Of course the Lore-master class is already able to collect non-combat mini-pets, with Radagast the Brown providing ample precedent with which to fend off the hardlore players, but it must be quite difficult for the developers to resist expanding that functionality to all players and then popping a small petting zoo of animals on the store for five or six hundred Turbine Points apiece. I can only surmise that either the pointy-haired bosses don’t have the level of control over game content in LotRO as they do in other games, or the ground-level developers simply haven’t told them about the possibility and are hoping that nobody notices Blizzard selling mini-pets on their store for £5-£10 a pop. Or perhaps the developers all sit around the table and invent reasons why it can’t be done:
Dev1: “Ah, no, can’t do mini-pets because we, uh, don’t have enough uh…”
Dev2: “… fur… texels? In the, um… badgerenderer pipeline…”
Dev1: “Yes, we’d totally overflow the, ah, yipyap wrapping… map…”
Dev2: “And then we wouldn’t be able to give the dogs a bone.”
Dev1: [rolls his eyes at Dev2]
Dev2: [shrugs ‘What?!’]
Mounts are another option where Turbine could go wild and yet have restrained themselves admirably thus far. The Steed of Night is an extravagance, sure, but it doesn’t sparkle, it doesn’t fly, it doesn’t breath fire or carry NPC passengers in convenient compartments on its back.
It’s not a sod-buggering faux-steampunk motorcycle and sidecar.

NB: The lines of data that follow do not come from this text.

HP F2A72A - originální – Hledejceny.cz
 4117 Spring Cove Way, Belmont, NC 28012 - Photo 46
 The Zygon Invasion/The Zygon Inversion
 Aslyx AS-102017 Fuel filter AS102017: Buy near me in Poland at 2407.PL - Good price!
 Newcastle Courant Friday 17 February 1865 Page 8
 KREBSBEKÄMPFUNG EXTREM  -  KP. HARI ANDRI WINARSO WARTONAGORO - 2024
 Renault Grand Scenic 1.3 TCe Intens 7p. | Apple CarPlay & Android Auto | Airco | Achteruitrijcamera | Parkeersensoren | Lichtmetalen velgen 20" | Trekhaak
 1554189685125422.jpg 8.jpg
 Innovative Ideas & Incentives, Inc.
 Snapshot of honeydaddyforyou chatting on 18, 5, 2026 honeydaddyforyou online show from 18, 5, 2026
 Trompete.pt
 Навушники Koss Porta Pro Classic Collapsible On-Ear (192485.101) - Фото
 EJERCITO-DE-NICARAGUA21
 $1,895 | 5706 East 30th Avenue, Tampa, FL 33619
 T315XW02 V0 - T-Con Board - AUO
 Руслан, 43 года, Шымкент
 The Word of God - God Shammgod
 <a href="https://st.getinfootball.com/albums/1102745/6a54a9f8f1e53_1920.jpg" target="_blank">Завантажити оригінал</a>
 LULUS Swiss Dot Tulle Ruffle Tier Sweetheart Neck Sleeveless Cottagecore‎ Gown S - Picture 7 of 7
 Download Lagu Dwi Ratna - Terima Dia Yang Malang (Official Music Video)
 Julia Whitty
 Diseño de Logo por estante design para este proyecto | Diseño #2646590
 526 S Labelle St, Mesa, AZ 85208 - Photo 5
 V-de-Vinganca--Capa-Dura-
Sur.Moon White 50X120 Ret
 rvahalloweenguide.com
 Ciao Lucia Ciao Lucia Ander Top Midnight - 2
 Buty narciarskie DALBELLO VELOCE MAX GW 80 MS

It’s a tricky balancing act that Turbine has to perform, and although I am quite fond of my mini-pets in other games, I’m also quite glad that they haven’t become an all pervasive item store status symbol within LotRO as of yet. It only takes one to see a Lore-master running down the street trailed by a train of various pets, mini-pets and mobstacles, looking like some sort of harangued medieval Ace Ventura: Pet Detective, to realise the detrimental effect that releasing mini-pets on Middle Earth would probably have.